Exercise details:
Read the listing below. Then repeat it exactly.

══════

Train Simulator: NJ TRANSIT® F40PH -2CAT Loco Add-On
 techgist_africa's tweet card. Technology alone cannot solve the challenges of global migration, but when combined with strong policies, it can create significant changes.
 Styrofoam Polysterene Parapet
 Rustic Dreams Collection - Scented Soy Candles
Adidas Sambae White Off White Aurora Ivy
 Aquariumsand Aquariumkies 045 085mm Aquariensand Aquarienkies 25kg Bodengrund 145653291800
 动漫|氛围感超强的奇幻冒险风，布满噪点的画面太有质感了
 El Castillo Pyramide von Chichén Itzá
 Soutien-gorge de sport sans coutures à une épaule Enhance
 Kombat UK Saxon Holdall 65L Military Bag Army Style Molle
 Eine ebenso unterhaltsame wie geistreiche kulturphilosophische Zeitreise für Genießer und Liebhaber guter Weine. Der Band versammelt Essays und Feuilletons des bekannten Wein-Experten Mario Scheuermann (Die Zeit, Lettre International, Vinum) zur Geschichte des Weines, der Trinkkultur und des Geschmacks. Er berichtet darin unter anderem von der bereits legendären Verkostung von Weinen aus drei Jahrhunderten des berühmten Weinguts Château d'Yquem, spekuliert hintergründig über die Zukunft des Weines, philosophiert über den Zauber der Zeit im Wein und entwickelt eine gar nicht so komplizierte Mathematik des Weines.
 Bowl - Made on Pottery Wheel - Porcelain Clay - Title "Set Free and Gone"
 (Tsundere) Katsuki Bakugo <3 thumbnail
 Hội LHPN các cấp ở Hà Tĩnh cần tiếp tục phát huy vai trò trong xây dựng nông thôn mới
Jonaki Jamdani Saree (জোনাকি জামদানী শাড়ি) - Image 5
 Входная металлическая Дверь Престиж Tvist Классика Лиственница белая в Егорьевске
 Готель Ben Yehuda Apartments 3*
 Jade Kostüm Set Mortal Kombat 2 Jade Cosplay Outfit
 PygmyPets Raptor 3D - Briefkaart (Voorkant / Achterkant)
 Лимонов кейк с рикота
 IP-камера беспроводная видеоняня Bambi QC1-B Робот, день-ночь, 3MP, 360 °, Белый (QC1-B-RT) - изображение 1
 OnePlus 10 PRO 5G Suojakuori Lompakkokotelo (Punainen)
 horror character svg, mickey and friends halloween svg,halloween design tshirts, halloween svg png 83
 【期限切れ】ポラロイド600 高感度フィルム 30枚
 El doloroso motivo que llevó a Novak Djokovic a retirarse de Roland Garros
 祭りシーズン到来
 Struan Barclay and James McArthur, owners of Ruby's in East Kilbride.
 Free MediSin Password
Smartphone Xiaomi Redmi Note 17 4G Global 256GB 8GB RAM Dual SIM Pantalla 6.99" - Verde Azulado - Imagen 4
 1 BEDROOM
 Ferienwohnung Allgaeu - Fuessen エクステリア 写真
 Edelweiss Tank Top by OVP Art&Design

══════

Answer to the problem:
Train Simulator: NJ TRANSIT® F40PH -2CAT Loco Add-On
 techgist_africa's tweet card. Technology alone cannot solve the challenges of global migration, but when combined with strong policies, it can create significant changes.
 Styrofoam Polysterene Parapet
 Rustic Dreams Collection - Scented Soy Candles
Adidas Sambae White Off White Aurora Ivy
 Aquariumsand Aquariumkies 045 085mm Aquariensand Aquarienkies 25kg Bodengrund 145653291800
 动漫|氛围感超强的奇幻冒险风，布满噪点的画面太有质感了
 El Castillo Pyramide von Chichén Itzá
 Soutien-gorge de sport sans coutures à une épaule Enhance
 Kombat UK Saxon Holdall 65L Military Bag Army Style Molle
 Eine ebenso unterhaltsame wie geistreiche kulturphilosophische Zeitreise für Genießer und Liebhaber guter Weine. Der Band versammelt Essays und Feuilletons des bekannten Wein-Experten Mario Scheuermann (Die Zeit, Lettre International, Vinum) zur Geschichte des Weines, der Trinkkultur und des Geschmacks. Er berichtet darin unter anderem von der bereits legendären Verkostung von Weinen aus drei Jahrhunderten des berühmten Weinguts Château d'Yquem, spekuliert hintergründig über die Zukunft des Weines, philosophiert über den Zauber der Zeit im Wein und entwickelt eine gar nicht so komplizierte Mathematik des Weines.
 Bowl - Made on Pottery Wheel - Porcelain Clay - Title "Set Free and Gone"
 (Tsundere) Katsuki Bakugo <3 thumbnail
 Hội LHPN các cấp ở Hà Tĩnh cần tiếp tục phát huy vai trò trong xây dựng nông thôn mới
Jonaki Jamdani Saree (জোনাকি জামদানী শাড়ি) - Image 5
 Входная металлическая Дверь Престиж Tvist Классика Лиственница белая в Егорьевске
 Готель Ben Yehuda Apartments 3*
 Jade Kostüm Set Mortal Kombat 2 Jade Cosplay Outfit
 PygmyPets Raptor 3D - Briefkaart (Voorkant / Achterkant)
 Лимонов кейк с рикота
 IP-камера беспроводная видеоняня Bambi QC1-B Робот, день-ночь, 3MP, 360 °, Белый (QC1-B-RT) - изображение 1
 OnePlus 10 PRO 5G Suojakuori Lompakkokotelo (Punainen)
 horror character svg, mickey and friends halloween svg,halloween design tshirts, halloween svg png 83
 【期限切れ】ポラロイド600 高感度フィルム 30枚
 El doloroso motivo que llevó a Novak Djokovic a retirarse de Roland Garros
 祭りシーズン到来
 Struan Barclay and James McArthur, owners of Ruby's in East Kilbride.
 Free MediSin Password
Smartphone Xiaomi Redmi Note 17 4G Global 256GB 8GB RAM Dual SIM Pantalla 6.99" - Verde Azulado - Imagen 4
 1 BEDROOM
 Ferienwohnung Allgaeu - Fuessen エクステリア 写真
 Edelweiss Tank Top by OVP Art&Design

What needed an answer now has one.